The inductive property will produce voltage (EMF) as the voltage applied is reduced. A good example of that would be an old faction spark plug coil on an engine. The coil is energizer with 12 volts. When the points are opened the energizing voltage is removed. The magnetic field begins to collapse in the very high inductance ignition coil. This collapsing magnetic field will produce hundreds even thousands of volts. A similar effect will occur in the motor coils as the voltage supply is removed at the end each pulse of energizing voltage to the coil. Motor control circuits are designed with fast acting diodes in place to shunt off EMF produced by the inductance of the coils. If there is nothing is place to deal with the inductance induced voltages from the motor coils high EMF voltages would likely damage the controller or even beak down the insulation in the motor itself.

Controlling the EMF and current drop that are bound to occur when a changing voltage is applied to a inductive load (coil) is a big part of the motor controller function.

Correction

Actually now that I think about it again there is no off period when full stepping with a Bi-polar stepper motor. Each coil of the two coils are energized with a alternating square wave 90 out of phase. I was confusing the bipolar sequence with a uni-polar sequence and came up with a highbred imaginary sequence that is not useful with two phase motors.

I do realize I make a lot of spelling,typing and grammatical errors in these posts but correcting them would be a daunting task for me. I see more stupid mistakes every time I reread anything I have typed.

Great writeup Darryl. Don't worry about the spelling errors or grammar problems, the big ol' pile of information you just supplied about coils was very informative and opened my eyes a little to the mystery of induction and impedance.

Really, you have given such detailed and informative information over the past couple of years concerning steppers. One of these days in my spare time I am going to compile them all together.

This is starting to sink in but I am still wondering about using Rick's steppers with a 4.2v rating while the WANTAI have a wide variety of voltages for the same Model they range from 12.2 to 2.2 volts.

I like the Wantai selections but I am confused on which to order. Actually Rick's steppers have some of the strongest torque ratings so they look good but I am still worried about the voltage rating.

If the voltage rating is not relative why give one?

Thanks Rick

I am more or less looking for somthing positive to think about.

Ralph

I will use the motor Rick has spotted on ebay as an example to try to explain this.

Specifically the motor specifications that I will concentrate my comments on are.

Current Per Phase: 1.5A

Rated Voltage: 4.2V

Resistance Per Phase: 2.8Ω± 10%

The fixed resistance of the coils will dictate the voltage required to reach the maximum safe working current when the motor is holding or turning slowly.

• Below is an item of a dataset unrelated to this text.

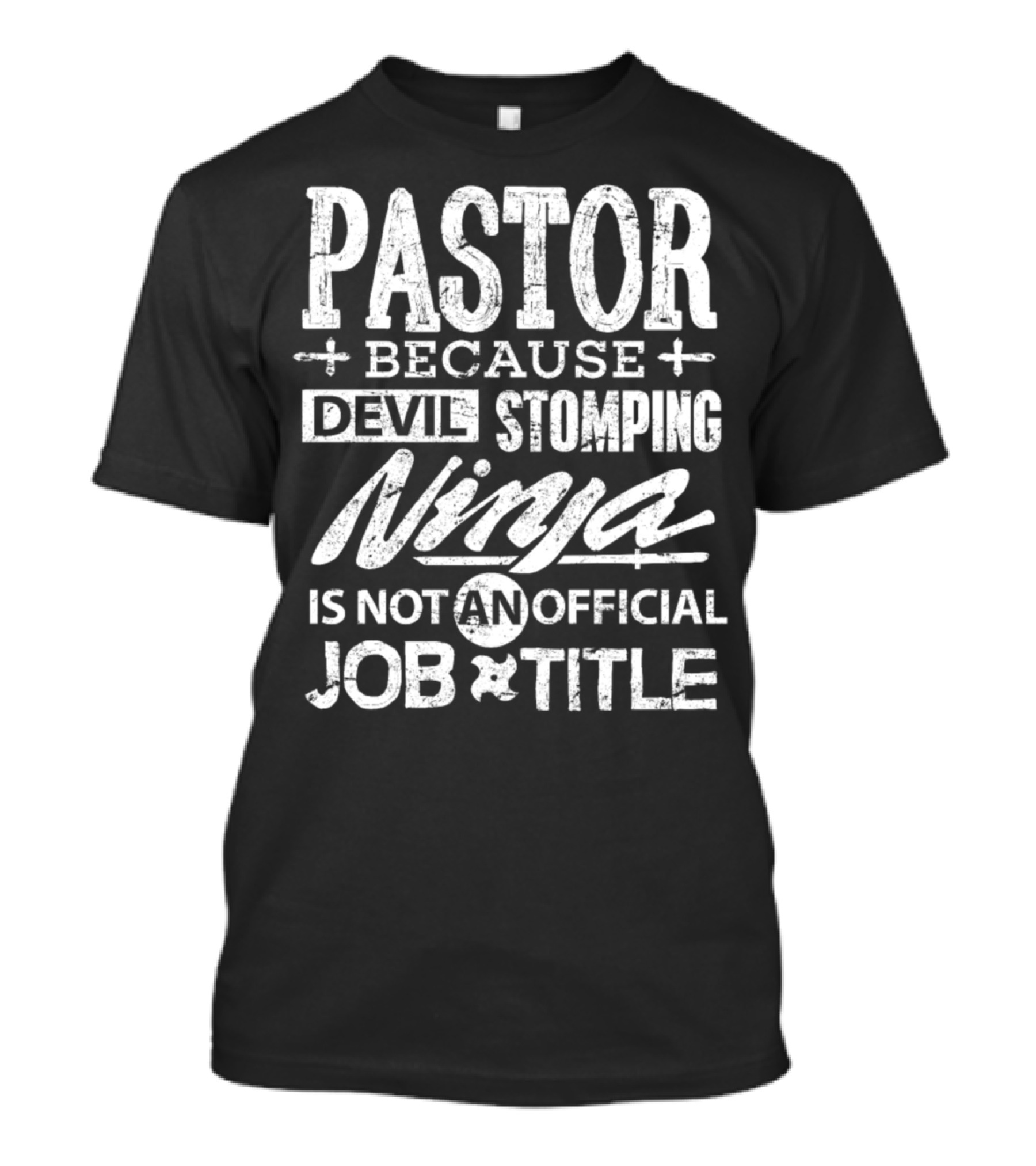 Pastor Because Devil Stomping Ninja Is Not An Official Job Title T-Shirt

Using ohms law I = V/R. we can calculate how much voltage could be applied to this motor before that current level is reached.

V=IR is ohms law written in a different arrangement to isolate voltage.

For this motor Volts = 1.5A X 2.8 ohms = 4.2 volts

4.2 volts is listed as the rated voltage because that is the maximum safe voltage that can be supplied to a coil of this motor when it is standing still or turning slowly. The voltage rating is an important specification in that if we are not using a current limiting PWM controller we should never use a voltage above that level, at least not for very long.

The coil resistance is a result of the physical characteristics of the coil wire it can be measured using a VOM. The rated current per phase value would be the motor designer’s best estimate of a safe maximum current that a coil could handle without damage. That value would be somewhat dependent on operating factors like ambient temperature ventilation around the motor and the length of time the current was present. The voltage rating is actually a derived value arising from the other two values. It is given to the motor user to make us aware of just how much voltage is required to reach that maximum current in the coils. But this only would apply when the motor is holding or turn slowly when the coil impedance is not a factor.

As I have explained in earlier posts if we are using a current limiting type motor controller that voltage rating does not apply. The entire point of the PWM from the controller is to overdrive the motor with more effective voltage then it is rated at but only when the motor is turning are higher speeds. In order to make use of the PWM future of the controller it is not just safe to supply the controller this voltages above the rated motor voltage level, it is essential. To get the added performance level your controller will offer as the motor is sped up you must supply the controller with a voltage well above the voltage rated for the motor. I don’t know how else to state it, the only way the controller can compensate for the increasing total impedance do to increasing motor speed is to increase the effective voltage to the coils, and maintain the coil current level at the maximum for maximum torque.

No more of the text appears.